Pünktlich zum 100. Jahrestag der Oktoberrevolution: Neukölln reflektiert seine kommunistische und linksradikale Vergangenheit

„Neukölln ist ein perfektes Laboratorium für die Beschäftigung mit der Geschichte des Kommunismus“, erläuterte Katharina Hochmuth, Projektkoordinatorin der Stiftung Aufarbeitung, zur Eröffnung der Ausstellung „Der Kommunismus in seinem Zeitalter“, für die am Dienstagnachmittag – exakt der 100. Jahrestag der Oktoberrevolution vom 7. November 1917 – im Obergeschoss der Neuköllner Stadtbibliothek nur ein kleiner Besucherkreis zusammengekommen war. Die Ausstellung, die auf beide Etagen der Helene-Nathan-Bibliothek verteilt ist, will den Aufstieg und Niedergang der kommunistischen Bewegung umfassend beschreiben und so zu einem tieferen Verständnis der DDR-Diktatur beitragen. Sie besteht aus 25 Tafeln mit über 200 zeithistorischen Fotos, Dokumenten sowie mit QR-Codes, die zu Filmdokumenten im Internet führen.

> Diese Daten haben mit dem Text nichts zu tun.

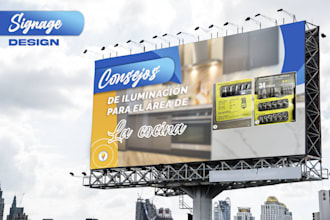 do printable billboard, signage, shop front and yard sign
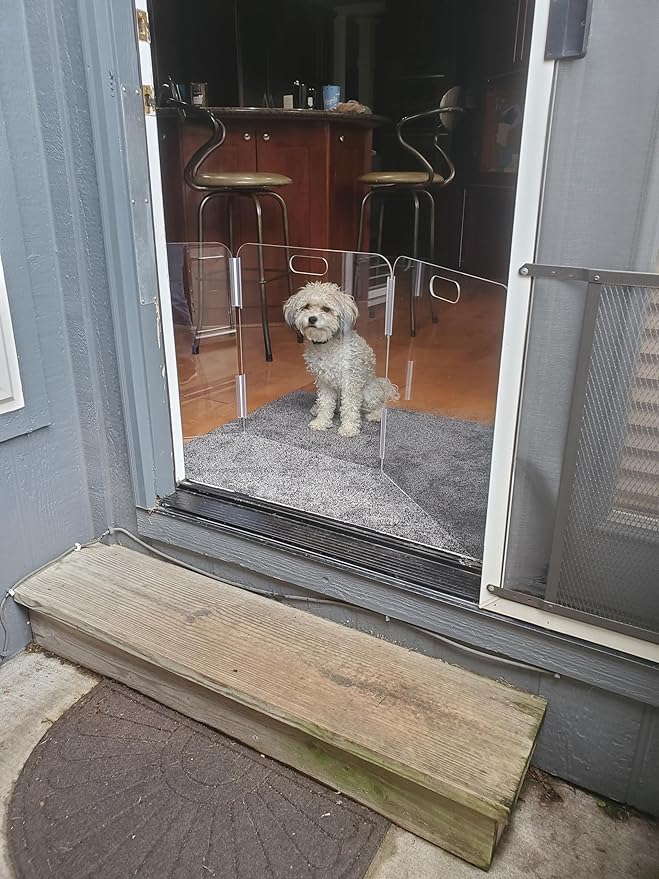 Pet Barrier (3-Panel) | Free-Standing Pet Gate | Foldable | Protect Your Indoor Living Spaces, Decorations, and Important Items from Pets | Made in The USA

„Die Ausstellung ist bereits an über 1000 Orten gezeigt worden. In Merseburg und Dinkelsbühl ebenso wie in New York und Tokio“, sagte Hochmuth. Die Plakatschau wurde von Dr. Gerd Koenen kuratiert, der mit seinem Buch „Das Rote Jahrzehnt“ die Entwicklung linksradikaler Gruppen von 1967 bis zum RAF-Terror im Deutschen Herbst 1977 beschrieb und analysierte. Weitere Bücher schrieb Koenen, der selbst einst Mitglied des Kommunistischen Bund Westdeutschland (KBW) war, über die Literaturgeschichte des sozialistischen Personenkults, den deutschen Terrorismus sowie die lateinamerikanischen Guerrilla-Epen.

Bernd Müller, Leiter der Volkshochschule Neukölln, war ebenfalls zur Ausstellungseröffnung gekommen. Die VHS richtet seit September zum 100-jährigen Jubiläum der Oktoberrevolution die Kursreihe „Kommunismus in Neukölln“ aus, die mit Mitteln der Bundesstiftung zur Aufarbeitung der SED-Diktatur gefördert wird. Die Volkshochschule begibt sich auf Spurensuche nach dem kommunistischen Erbe in der Lokalgeschichte. Begleitet von einer Veranstaltungsreihe mit Experten und Zeitzeugen, ehemaligen und aktiven Politikern will der Projektkurs die Möglichkeit bieten, sich Geschichte selbst anzueignen und zu schreiben.

Erinnerungen an die „Neue Linke“ im ehemaligen Arbeiterbezirk und an die Bezirkspoltik im „Frontstadtbezirk“ Neukölln werden am 30. November und 14. Dezember bei zwei Veranstaltungen im Rathaus Neukölln zu hören sein. An der Diskussion über die „Neue Linke“ in Neukölln werden die langjährige Kulturamtsleiterin Dorothea Kolland sowie der frühere Schülersprecher und spätere SPD-Bundestgsabgeordnete Ditmar Staffelt beteiligt sein. Über die Bezirkspolitik sprechen in einer zweiten Veranstaltung die ehemaligen Bezirksbürgermeister Arnulf Kriedner (CDU) und Frank Bielka (SPD) sowie die Grünen-Politikerin Gabriele Vonnekold.

Mit der Mauer beschäftigen sich die Führungen „Im Schatten der Mauer“ am 16. November sowie die Führung durch eine Ausstellung in der Gedenkstätte Berliner Mauer in der Bernauer Straße 119 am 23. November. Für alle Veranstaltungen ist eine vorherige Anmeldung bei der VHS-Neukölln erforderlich.